The data: Begin

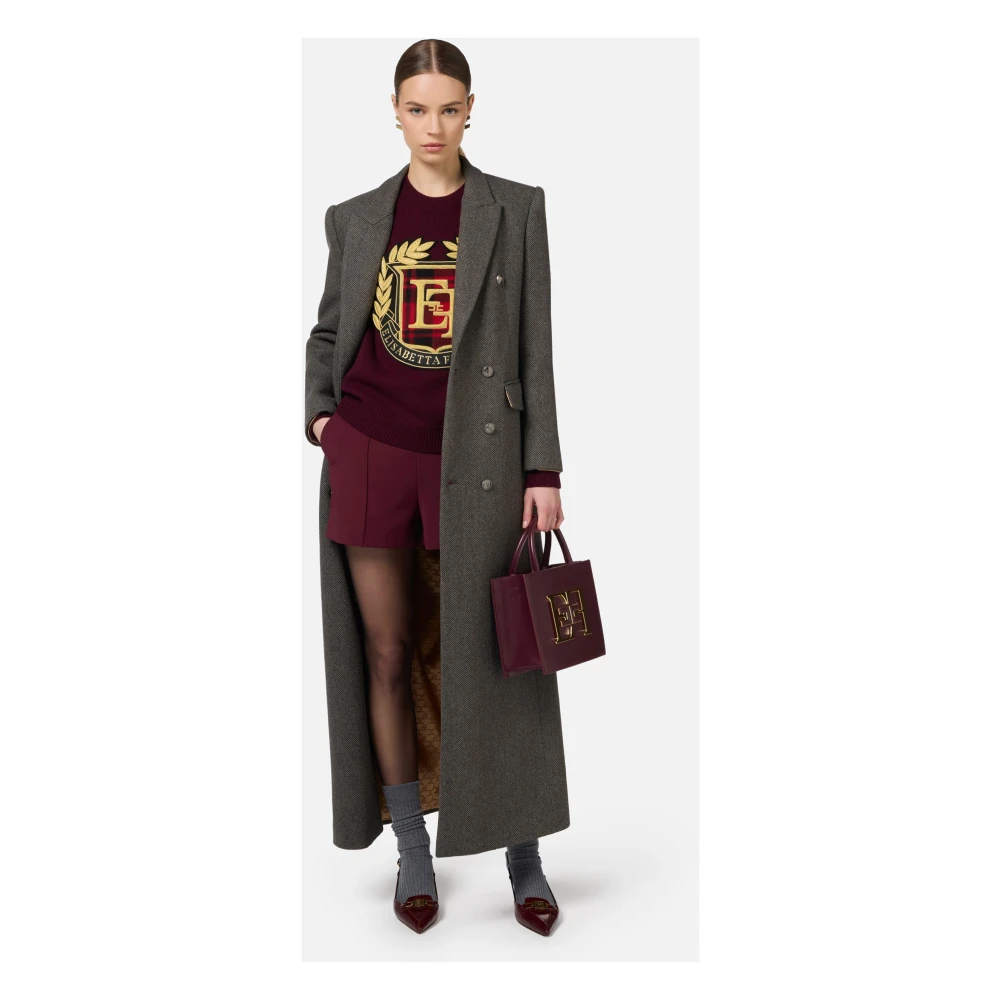 Elisabetta Franchi Wolmix gekruiste jas met riem Black Dames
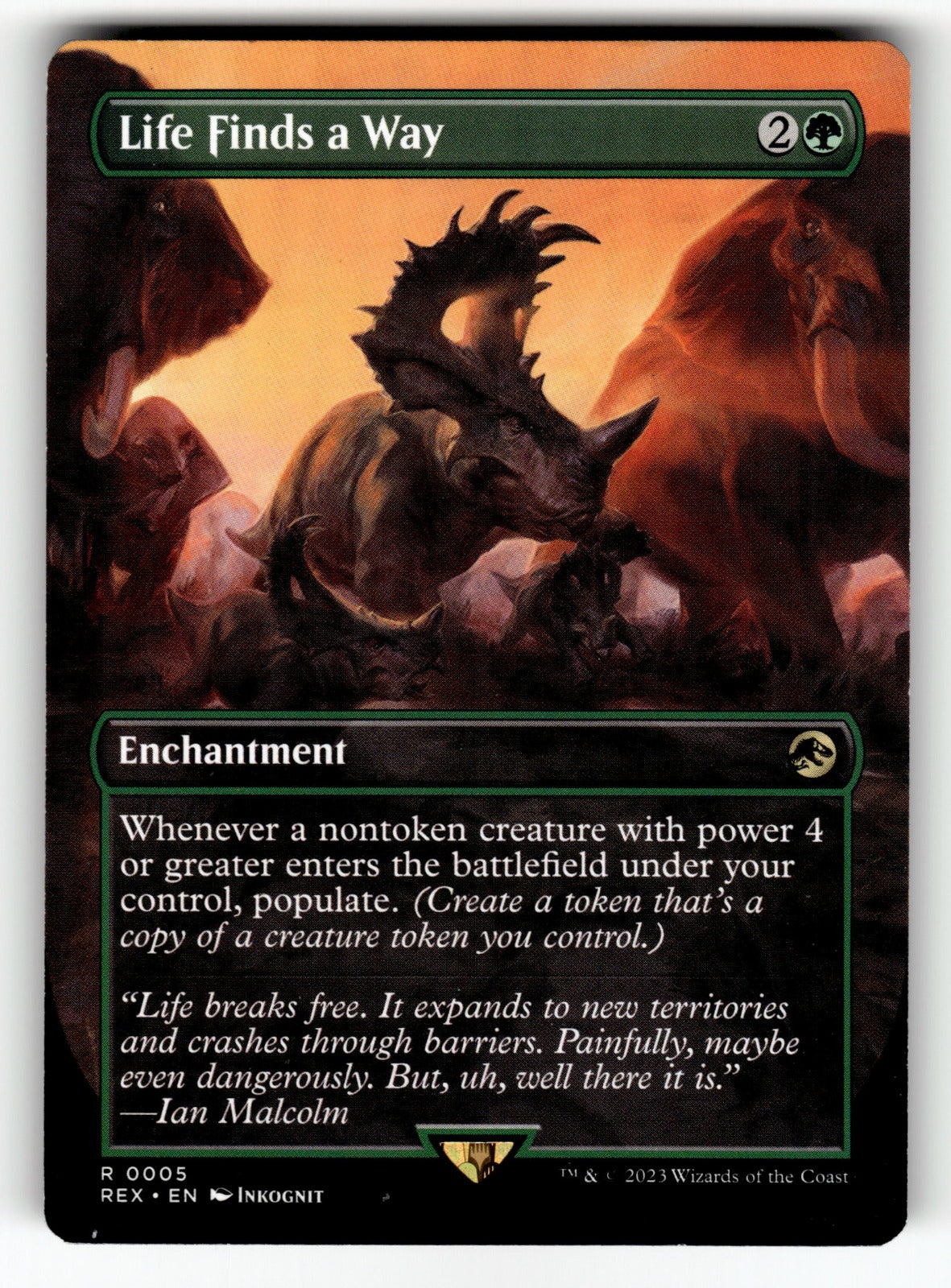 Life Finds a Way (Borderless) – 5 REX: Universes Beyond: Jurassic World Collection R NM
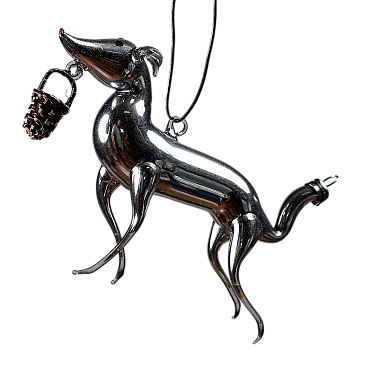 Dog with basket, Christmas decoration, early 20th century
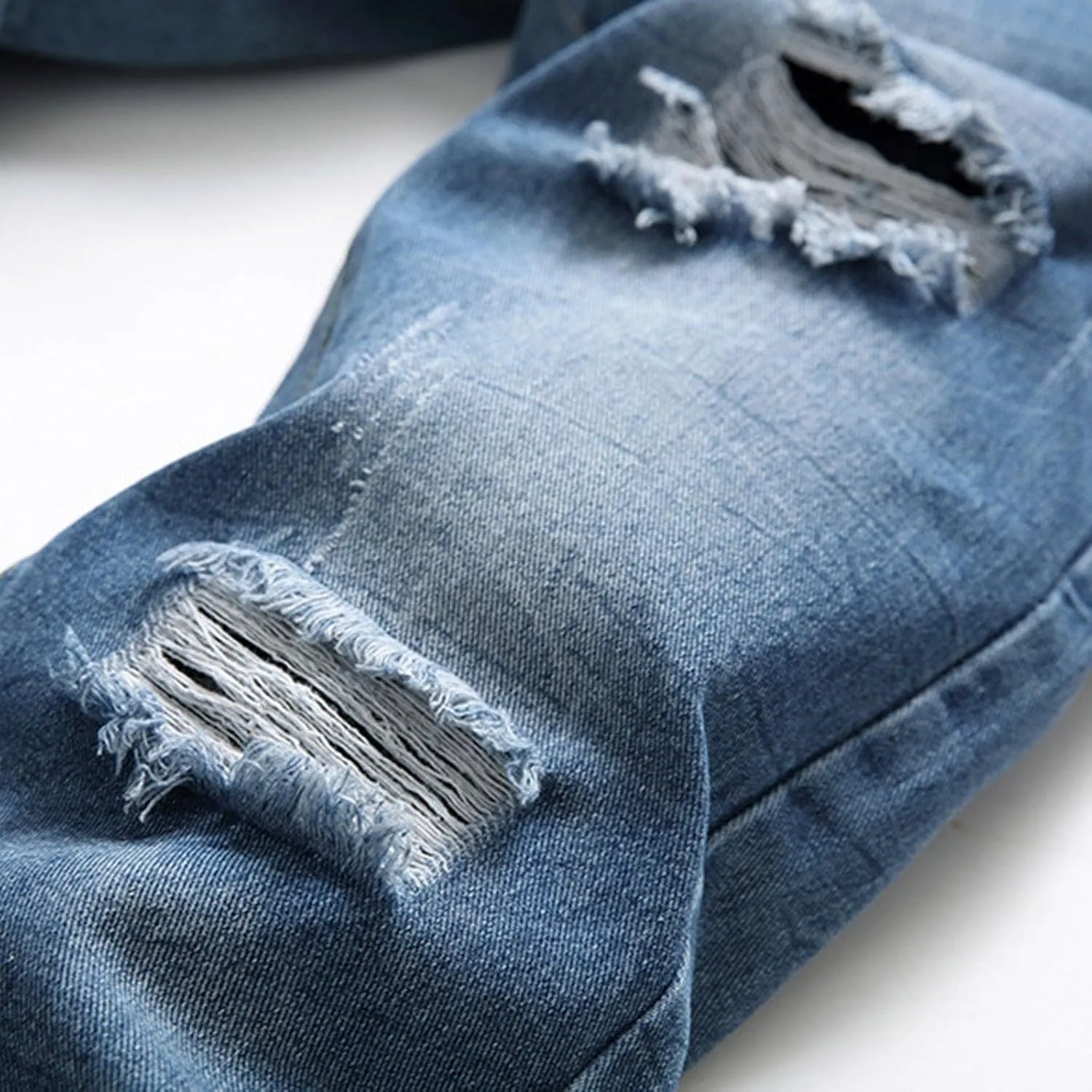 Male Casual Fashion Plus Size Ripped Jeans Straight Leg Plus Size Fashion Pants Men Jean Cut Jeans for Men Cut Jeans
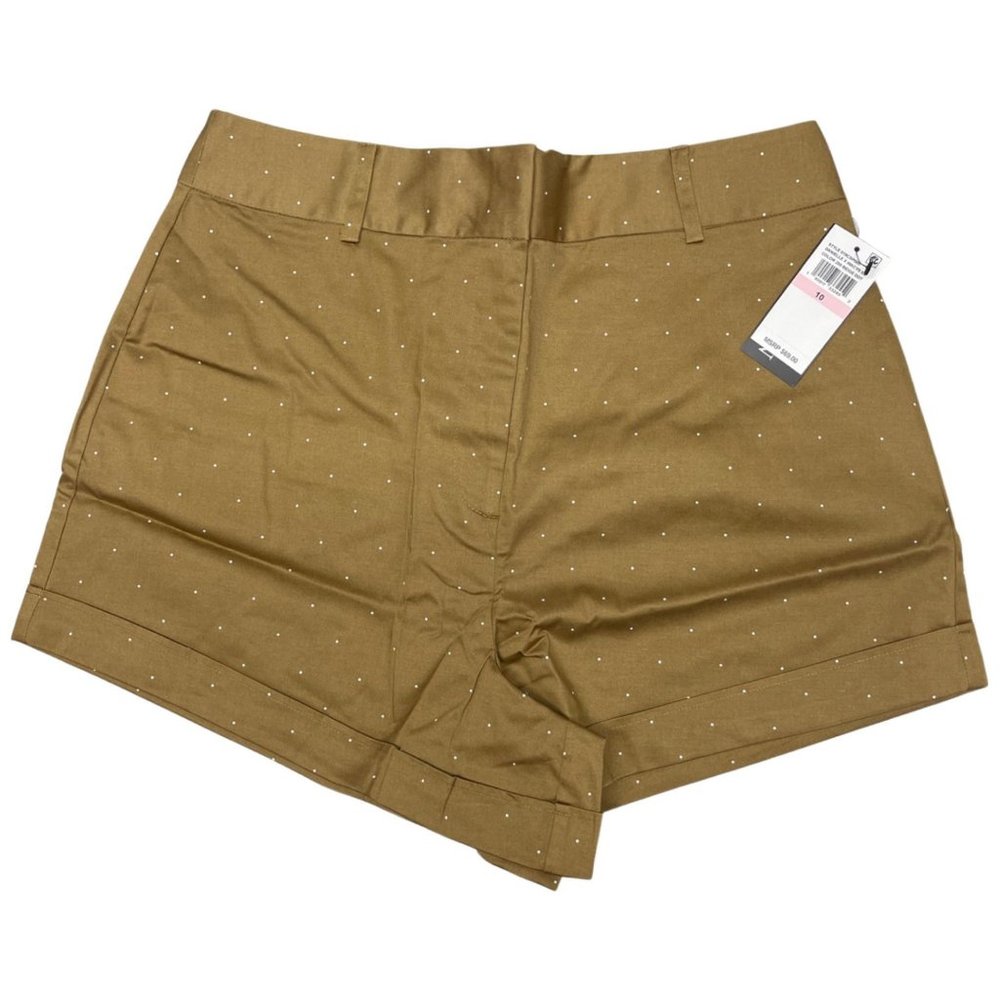 DANIELLE BERNSTEIN Woman Beige Polka Dot Boyfriend Shorts Size 10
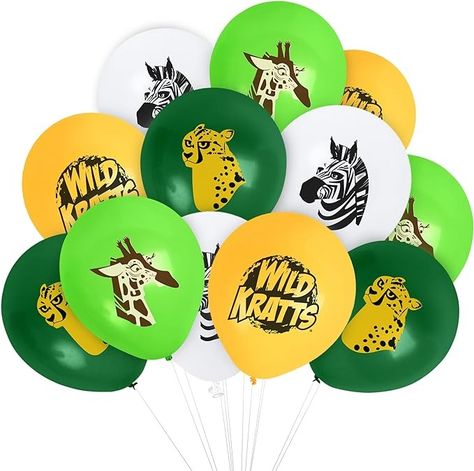 Amazon.com: Treasures Gifted Officially Licensed Wild Kratts Birthday Party Supplies - 12 Pack Wild Kratts Balloons Latex - Wild Kratts Birthday Decoration - 12in Happy Birthday Balloons Orange, Green & White : Toys & Games Wild Kratts Birthday Party, Wild Kratts Party, Animal Themed Birthday Party, Wild Kratts, Treasure Gift, Colorful Birthday, Balloon Centerpieces, Happy Birthday Balloons, Birthday Supplies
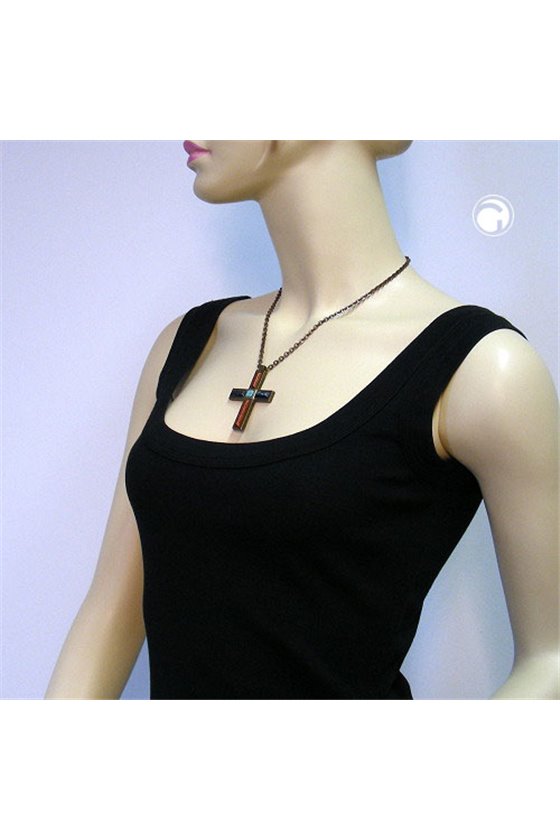 NECKLACE CROSS BRASS-COLOR 47CM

The data: End

Repeat the records above exactly, without any pictures.

 Elisabetta Franchi Wolmix gekruiste jas met riem Black Dames
 Life Finds a Way (Borderless) – 5 REX: Universes Beyond: Jurassic World Collection R NM
 Dog with basket, Christmas decoration, early 20th century
 Male Casual Fashion Plus Size Ripped Jeans Straight Leg Plus Size Fashion Pants Men Jean Cut Jeans for Men Cut Jeans
 DANIELLE BERNSTEIN Woman Beige Polka Dot Boyfriend Shorts Size 10
 Amazon.com: Treasures Gifted Officially Licensed Wild Kratts Birthday Party Supplies - 12 Pack Wild Kratts Balloons Latex - Wild Kratts Birthday Decoration - 12in Happy Birthday Balloons Orange, Green & White : Toys & Games Wild Kratts Birthday Party, Wild Kratts Party, Animal Themed Birthday Party, Wild Kratts, Treasure Gift, Colorful Birthday, Balloon Centerpieces, Happy Birthday Balloons, Birthday Supplies
 NECKLACE CROSS BRASS-COLOR 47CM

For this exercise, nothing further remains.